Yes! And the next articles in the series double down on this:
"Any polynomial basis has a “natural domain” where its approximation properties are well-known. Raw features must be normalized to that domain. The natural domain of the Bernstein basis is the interval [0,1][0,1]."
Totally irrelevant. The natural domain,if compact, can always be scaled, it has nothing to do with the numerical problems.
Also the hermite polynomials have an unbounded natural domain.
The quote has absolutely nothing to do with my point.
The scaling to an interval in the quote is about formal mathematical reasons,in particular that polynomials do not approximate continuous functions globally. This is totally unrelated to numerics.
The issue is that in particular the interval 0 to 1 has to be chosen, as otherwise the numerics totally fall apart. The message of the article is that high degree polynomials pose no danger, but that is wrong. All the examples in the article only work because of a specific choice of interval. All the major numerical issues are totally ignored, which would immediately invalid the core thesis of the article. If you calculate 10^100 in 64 bit floating point you will run into trouble. The article pretends that will not be the case.
However, if you normalize your data to [0,1], you'll never have to compute 10^100 and thus never face any numerical issues. "Never" assumes no distribution shift.
Indeed, the examples work thanks to this choice of the interval, but this comes with the choice of the basis. Of course Bernstein basis functions explode outside [0,1], but I think the point is that high-degree polynomials pose no danger if you scale the data *according to the polynomial* (use [0,1] for Bernstein and [-1,1] for Chebyshev, for example). So the "magic combo" is polynomial + scaling to its interval. Otherwise all bets are off, of course.
The article totally ignores this and does not even mention the numerical issues at all, which is pretty insane.
Surely at least naming THE ONE reason high degree polynomials are dangerous has to be done. Writing an article arguing that something is not a problem, while not even acknowledging the single most important reason why people believe the problem exist is totally disingenuousness and pretty terrible scholarship.
At least include that the choice of 0 to 1 is necessary for this to work.
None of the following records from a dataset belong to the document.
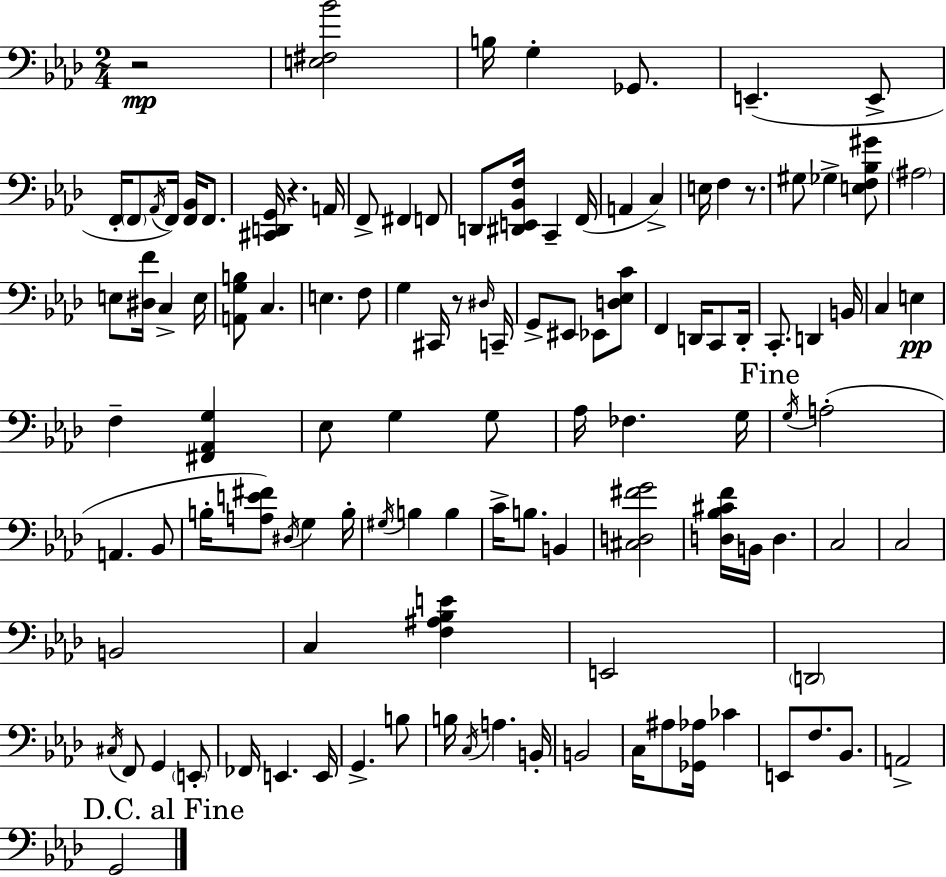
X:1
T:Untitled
M:2/4
L:1/4
K:Ab
z2 [E,^F,_B]2 B,/4 G, _G,,/2 E,, E,,/2 F,,/4 F,,/2 _A,,/4 F,,/4 [F,,_B,,]/4 F,,/2 [^C,,D,,G,,]/4 z A,,/4 F,,/2 ^F,, F,,/2 D,,/2 [^D,,E,,_B,,F,]/4 C,, F,,/4 A,, C, E,/4 F, z/2 ^G,/2 _G, [E,F,_B,^G]/2 ^A,2 E,/2 [^D,F]/4 C, E,/4 [A,,G,B,]/2 C, E, F,/2 G, ^C,,/4 z/2 ^D,/4 C,,/4 G,,/2 ^E,,/2 _E,,/2 [D,_E,C]/2 F,, D,,/4 C,,/2 D,,/4 C,,/2 D,, B,,/4 C, E, F, [^F,,_A,,G,] _E,/2 G, G,/2 _A,/4 _F, G,/4 G,/4 A,2 A,, _B,,/2 B,/4 [A,E^F]/2 ^D,/4 G, B,/4 ^G,/4 B, B, C/4 B,/2 B,, [^C,D,^FG]2 [D,_B,^CF]/4 B,,/4 D, C,2 C,2 B,,2 C, [F,^A,_B,E] E,,2 D,,2 ^C,/4 F,,/2 G,, E,,/2 _F,,/4 E,, E,,/4 G,, B,/2 B,/4 C,/4 A, B,,/4 B,,2 C,/4 ^A,/2 [_G,,_A,]/4 _C E,,/2 F,/2 _B,,/2 A,,2 G,,2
Not including it makes the author look either clueless or malicious.
Yes and it fails to talk about boundary conditions or predicates or whatever.
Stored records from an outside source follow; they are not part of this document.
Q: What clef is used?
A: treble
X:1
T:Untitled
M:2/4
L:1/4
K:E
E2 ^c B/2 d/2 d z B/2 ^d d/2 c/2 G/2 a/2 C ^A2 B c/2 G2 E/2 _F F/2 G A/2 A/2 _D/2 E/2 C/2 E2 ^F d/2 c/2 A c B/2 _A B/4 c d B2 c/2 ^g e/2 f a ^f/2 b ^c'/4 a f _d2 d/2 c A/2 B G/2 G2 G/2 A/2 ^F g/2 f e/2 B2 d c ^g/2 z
Great article and clever use of linkbait!
And the discussion here is pretty good.
One thought I had while looking into regression recently is to consider the model created with a given regularization coefficient not as a line on a 2 dimensional graph but as a slice of a surface on a 3 dimensions graph where the third dimension is the regularization coefficient.
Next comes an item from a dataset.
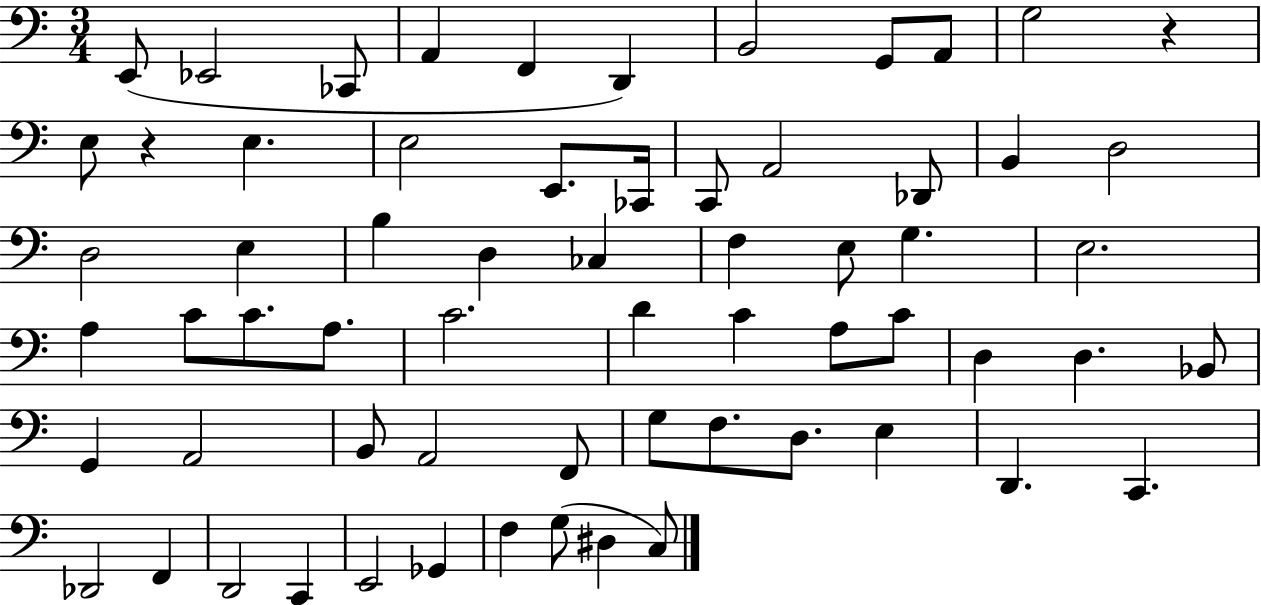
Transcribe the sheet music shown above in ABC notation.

In my case the model was for logistic regression and it was the boundary lines of the classification, but the thought is largely the same. Viewing it as a 3d shape form by boundary lines and considering hill tops as areas where entire classification boundaries disappeared as the regularization coefficient grew large enough to eliminate them. Impractical to do on models of any size and only useful when looking at two features at a time, but a fun consideration.
More on topic with the article, how well does this work with considering multiple features and the different combinations of them. Instead of sigma(n => 50) of x^n, what happens if you have sigma(n => 50) of sigma(m => 50) of (x^n)*(y^n). Well probably less than 50 in the second example, maybe it is fair to have n and m go to 7 so there are 49 total terms compared to the original 50, instead of 2500 terms if they both go to 50.